Des questions environnementales inévitables
Le recours au gaz naturel pour alimenter les data centers soulève des interrogations. Même si ces turbines sont plus efficaces que certaines centrales au charbon, elles émettent toujours du CO2.
Crusoe met en avant l’utilisation de gaz autrement flare (brûlé à la torchère) sur des sites pétroliers, ce qui réduit les émissions de méthane. Boom, de son côté, travaille sur des carburants durables pour son avion Overture.
Mais la multiplication de ces installations pourrait retarder la transition vers des énergies vraiment renouvelables. Le bruit constitue un autre point sensible : des turbines similaires près du supercluster Colossus de xAI sont audibles à plus de 800 mètres.
Vers un retour du supersonique plus rapide ?
Le véritable enjeu pour Boom reste l’avion Overture. Les revenus des turbines pourraient accélérer les certifications et la production. Des compagnies comme United Airlines ou American Airlines ont déjà passé des précommandes.
Mais le chemin reste semé d’embûches. La production à grande échelle d’un avion supersonique civil n’a plus été tentée depuis le Concorde. Les défis techniques, réglementaires et financiers sont immenses.
Cette stratégie de diversification énergétique pourrait être le coup de génie qui permet à Boom de franchir le « valley of death » des startups hardware. Ou bien une distraction coûteuse si la demande en turbines ne suit pas.

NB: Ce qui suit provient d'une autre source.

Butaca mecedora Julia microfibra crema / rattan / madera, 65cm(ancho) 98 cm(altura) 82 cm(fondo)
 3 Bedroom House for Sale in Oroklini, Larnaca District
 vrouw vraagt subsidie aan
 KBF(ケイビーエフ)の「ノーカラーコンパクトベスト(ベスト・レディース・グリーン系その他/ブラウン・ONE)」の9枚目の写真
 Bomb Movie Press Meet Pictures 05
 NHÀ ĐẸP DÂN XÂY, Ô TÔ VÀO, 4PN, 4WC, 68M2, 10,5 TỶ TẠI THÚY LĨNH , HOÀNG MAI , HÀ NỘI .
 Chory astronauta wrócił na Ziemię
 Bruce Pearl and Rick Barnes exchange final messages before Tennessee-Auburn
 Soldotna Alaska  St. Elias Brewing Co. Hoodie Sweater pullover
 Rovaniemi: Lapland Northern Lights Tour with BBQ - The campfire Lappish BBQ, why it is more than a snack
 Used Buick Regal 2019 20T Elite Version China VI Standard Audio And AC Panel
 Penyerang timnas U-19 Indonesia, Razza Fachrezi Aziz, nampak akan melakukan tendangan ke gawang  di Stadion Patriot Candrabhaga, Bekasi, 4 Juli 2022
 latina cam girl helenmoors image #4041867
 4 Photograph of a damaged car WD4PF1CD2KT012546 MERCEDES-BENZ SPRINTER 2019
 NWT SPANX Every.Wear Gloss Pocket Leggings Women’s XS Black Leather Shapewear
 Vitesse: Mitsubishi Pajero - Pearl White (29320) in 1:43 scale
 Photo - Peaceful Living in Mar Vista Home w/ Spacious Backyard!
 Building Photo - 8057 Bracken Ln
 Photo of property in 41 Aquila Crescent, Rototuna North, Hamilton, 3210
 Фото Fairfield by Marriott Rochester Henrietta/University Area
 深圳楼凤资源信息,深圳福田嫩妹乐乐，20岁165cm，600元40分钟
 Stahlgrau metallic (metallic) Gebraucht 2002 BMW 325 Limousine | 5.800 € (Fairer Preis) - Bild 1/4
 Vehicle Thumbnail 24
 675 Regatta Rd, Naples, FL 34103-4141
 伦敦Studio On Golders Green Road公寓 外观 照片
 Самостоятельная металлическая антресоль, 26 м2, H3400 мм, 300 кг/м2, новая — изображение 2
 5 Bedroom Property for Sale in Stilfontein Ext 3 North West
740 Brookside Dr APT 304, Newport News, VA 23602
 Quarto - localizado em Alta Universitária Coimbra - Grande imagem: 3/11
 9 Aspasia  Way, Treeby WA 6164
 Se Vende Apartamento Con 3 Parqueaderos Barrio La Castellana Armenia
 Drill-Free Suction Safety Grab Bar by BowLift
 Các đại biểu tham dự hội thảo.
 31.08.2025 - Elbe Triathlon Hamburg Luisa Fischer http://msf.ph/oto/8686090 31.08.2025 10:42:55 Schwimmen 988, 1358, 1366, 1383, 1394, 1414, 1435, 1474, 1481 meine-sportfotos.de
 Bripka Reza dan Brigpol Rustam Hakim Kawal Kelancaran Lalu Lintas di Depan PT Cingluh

Une chose est sûre : l’alliance entre aviation de pointe et infrastructure IA illustre parfaitement les interconnexions inattendues de la tech moderne. Boom Supersonic nous rappelle que les grands rêves nécessitent parfois des compromis pragmatiques. Reste à voir si ce pari audacieux portera ses fruits, dans les airs comme au sol.